The inspectors said they were “disappointed” that mid-level CFTC officials found responsible for “mismanagement and dysfunction” last year remain part of the stress-testing program.
The report, released May 31, reserved judgment as to whether new leadership at the CFTC’s clearing and risk division and other changes “prove sufficient to address the deficiencies.”
A CFTC spokesman declined comment.
Earlier problems flagged
An inspector general report last year found that the stress-test model lacks “formal analysis, rule or objective metric” to guide the process. “Greater reliance on formal documentation and a consistent framework” would increase confidence in the program, it said.
The CFTC’s development of stress tests, the February 2018 report said, was set back by more than a year-and-a-half due to “bureaucratic territoriality” exercised by a former senior commission staffer.
He and his Chicago-based aides abruptly “shut down and abandoned” a technical unit’s more effective and independent testing tools, the report said.
The testing approach taken lacked the ability to incorporate widely traded uncleared swaps in a comprehensive model across asset classes, it said.
The Chicago-based staff gave “potentially misleading” communications about the progress and independence of the models to a public 2017 session of the agency’s market-risk advisory committee, the report said.
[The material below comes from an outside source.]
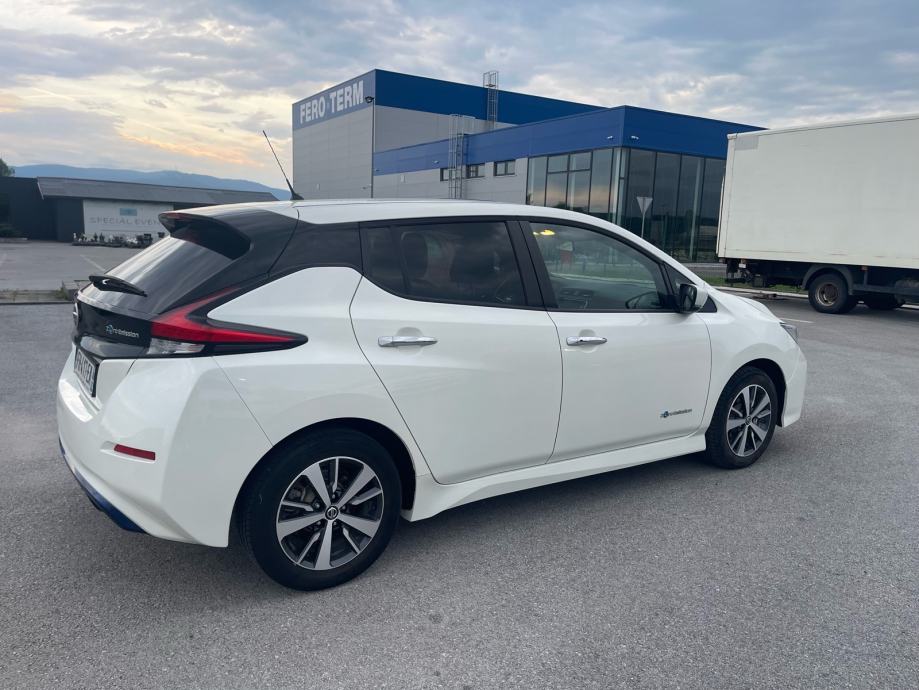 Nissan Leaf 40 kWh automatik, pogled izvana - slika 3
Many of the allegations were first reported by CFTC whistleblowers and brought to the attention of Chairman Christopher Giancarlo’s top aide in July 2017, an earlier report said.
The CFTC has been trying to develop stress tests to ward off the potential systemic impact of the collapse of a clearinghouse such as CME Group or Intercontinental Exchange.
The agency has conducted two system-wide exercises since 2016 to assess the resilience of the clearing network to unexpected shocks. These comprehensive exams are intended to complement stress tests by individual clearinghouses.
The tests covered three clearinghouses and looked at credit and liquidity risks. They didn’t address operational or cybersecurity risks, and were limited in their stress scenarios and products.
Giancarlo has said he expects to step down in mid-July and be replaced by Treasury official Heath Tarbert, who was confirmed by the Senate last week.
In September 2017, the agency got its first permanent clearing and risk chief, Brian Bussey, since October 2014.